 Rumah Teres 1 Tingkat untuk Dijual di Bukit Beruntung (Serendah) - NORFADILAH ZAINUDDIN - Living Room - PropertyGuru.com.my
-------
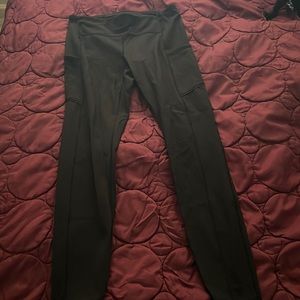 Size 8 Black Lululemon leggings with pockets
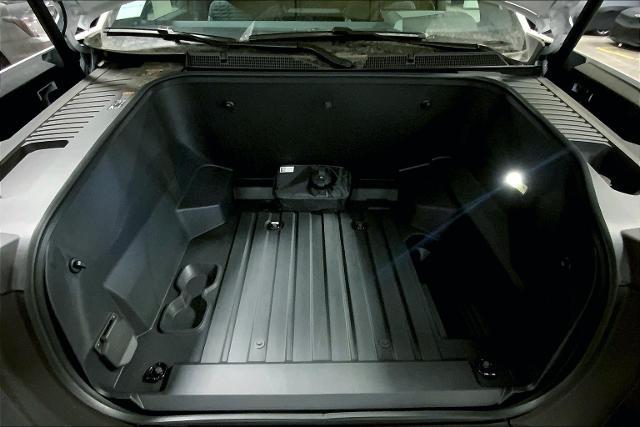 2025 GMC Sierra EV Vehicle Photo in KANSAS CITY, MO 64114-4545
-------
» What needs to be done
In the data above, find the line containing "Size 8 Black Lululemon leggings with pockets" and the line containing "2025 GMC Sierra". Copy exactly the stretch from the first through the second, both included, leaving out any picture.

» Response
 Size 8 Black Lululemon leggings with pockets
 2025 GMC Sierra EV Vehicle Photo in KANSAS CITY, MO 64114-4545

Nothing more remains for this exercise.